Symbolizing height the Chinese word “gao” in relation to the New Year conveys the desire for climbing up the ladder and enhance or advance to better levels in life. Thus, nian gao flew with the belief that it would bring about the qualities of prosperity, success in profession, success in academics and all round personality development. They are often given as tokens of good wishes for all occasions such as for students, business associates or for those attempting new endeavors.
Today we look at the Bak Kwa – A Hearty Wish for Wealth
Bak kwa, also known as Chinese roasted pork, is a soft, slightly caramelized meat that is both fatty and sweet-savory, and enjoyed a lot during Chinese New Year. People will line up for hours in front of bakeries to buy boxes of this barbecued outlet in the run up to the Lunar New Year.
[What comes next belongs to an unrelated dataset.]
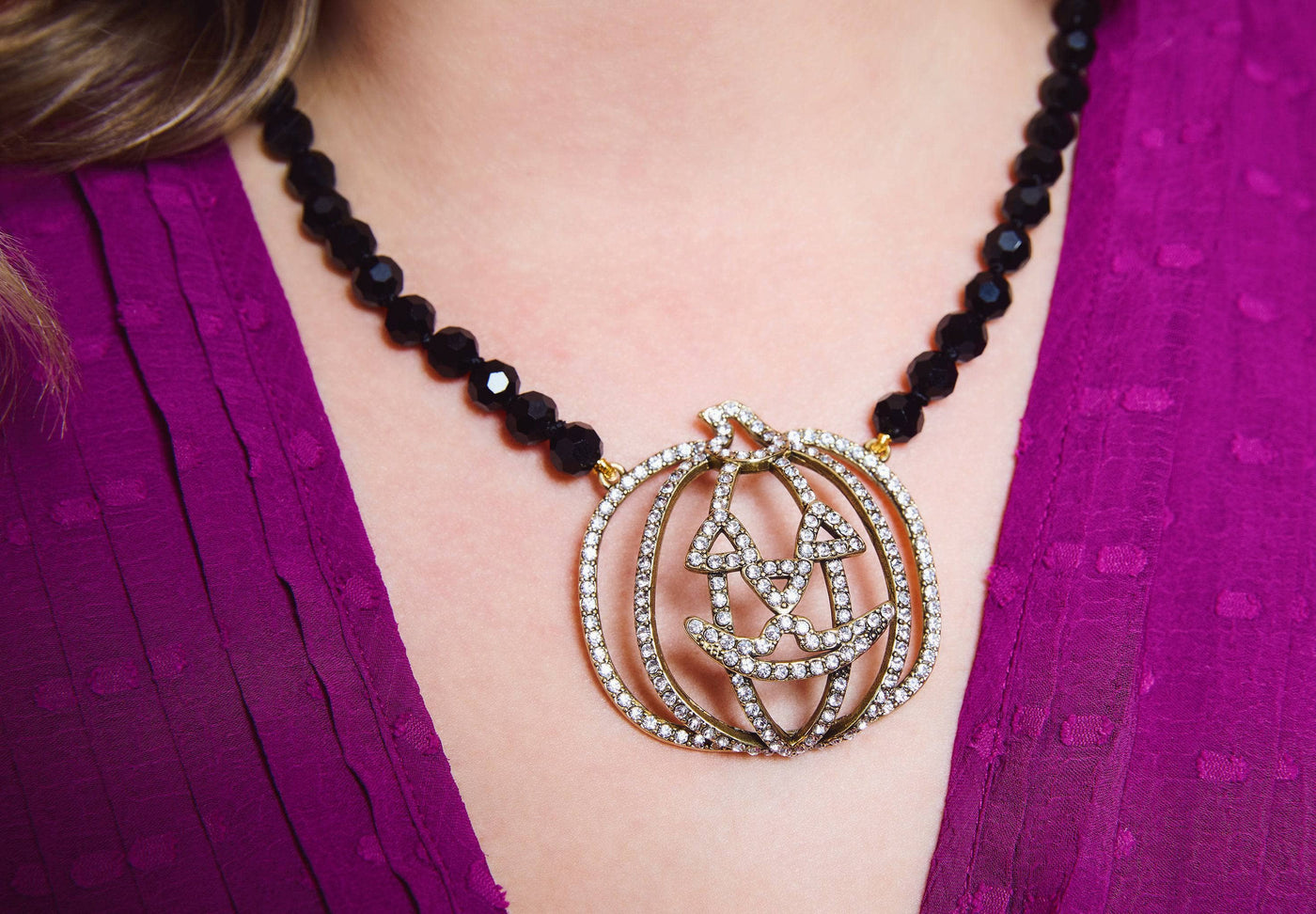 Heidi Daus®"Jackie-O’" Beaded Crystal Pumpkin Necklace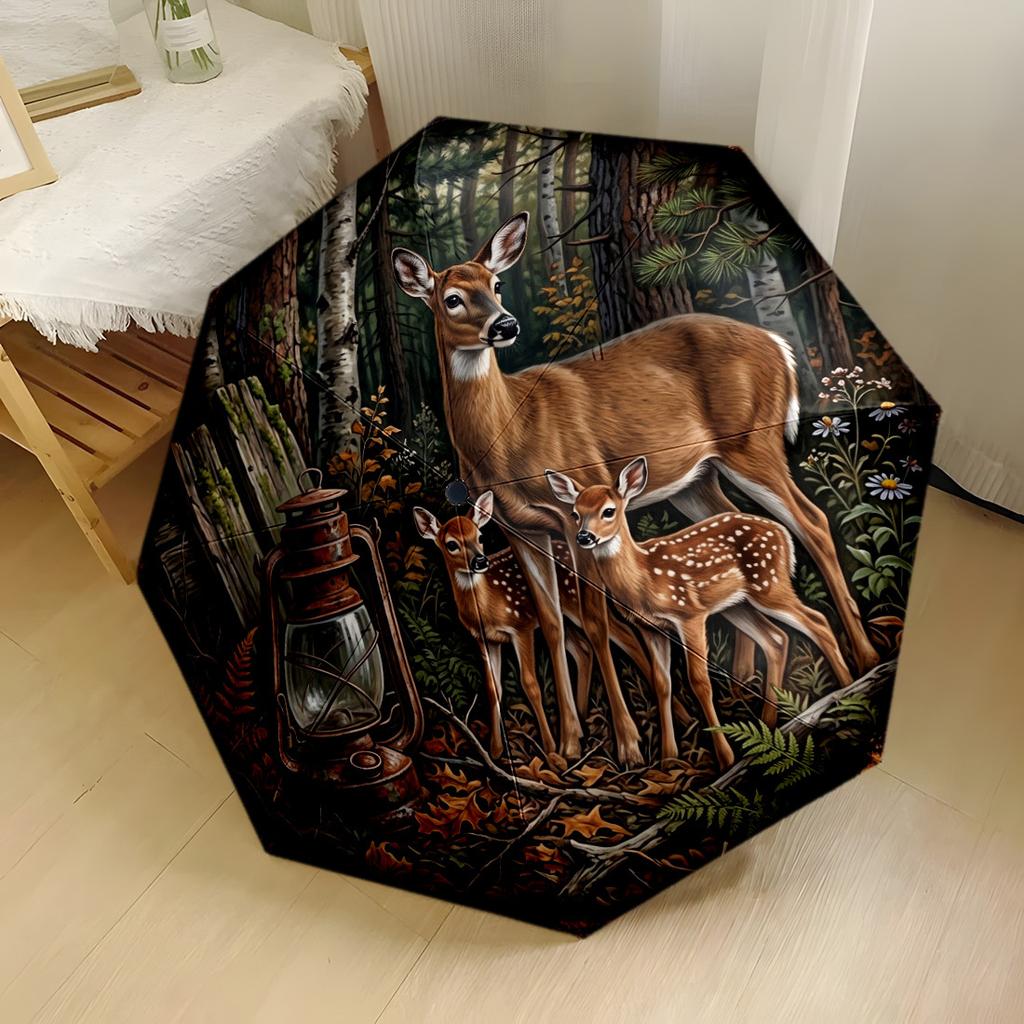 Deer In The Enchanted Forest Compact Travel Automatic Umbrella Compact 8Rib Lightweight Foldable Design Travel Essential Stylish Accessory Spiritual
Besides its enticing taste, it is a thin, shiny square of meat with social importance. According to the Chinese culture it is believed that pork represents wealth, prosperity and financial success. Its layer of fat symbolically denotes the thick, fat layer of rich profits and the crispy, caramelized brown skin signifies a prosperity of a sweet, successful life.
Bak kwa is consumed to show the giver’s intention of showering the receiver with wealth in the new year. The traditional gift is exchanged to friends, colleagues and business associates in an effort to spread positive feelings during this lucky time of the year. According to Chinese tradition, whenever one receives a gift they have to reciprocate with another gift – this ensures that bak kwa gifts create wealth and more cycles of bak kwa gifts.
Bak kwa is also enjoyed during the reunion dinner on New Year’s Eve since families gather during the end of the old year. As pork is a symbol of prosperity and satisfaction, therefore by consuming bak kwa one is receiving blessings and good wishes in the house projecting lack of meat in the previous year when welcoming the next year. You can’t go wrong with it and it signifies prosperity as well – which makes bak kwa one of the most popular snacks in Chinese New Year.
Blessing of Luck, Money and Taste for the Chinese New Year
Transthe Chinese new year food items such as pineapple tarts, nian gao, and bak kwa are also symbolic, meaningful and hold the promise of something good for the coming year. Other than just symbolic of good fortunes, these traditional foods equally make fortunes good according to cultural perposal. The traditions are related with the desire for happiness, favorable results, and even kinship – all of which are typical for the Lunar New Year celebrations that have been existing for thousands of years.
The next time you notice the buttery golden pastry twists of pineapple tarts, the tall sticky cakes of nian gao, as well as the glossy rectangles of bak kwa you’ll remind yourself of their symbolism. This tradition also helps everyone to gather with their families and deliver sweet wishes for a prosperous and successful and happy new year. Presenting and sharing these Lunar New Year specialties symbolically and genuinely express your blessings for friends, officemates or dear ones to enjoy prosperity throughout the Year of the Ox and for the rest of the year.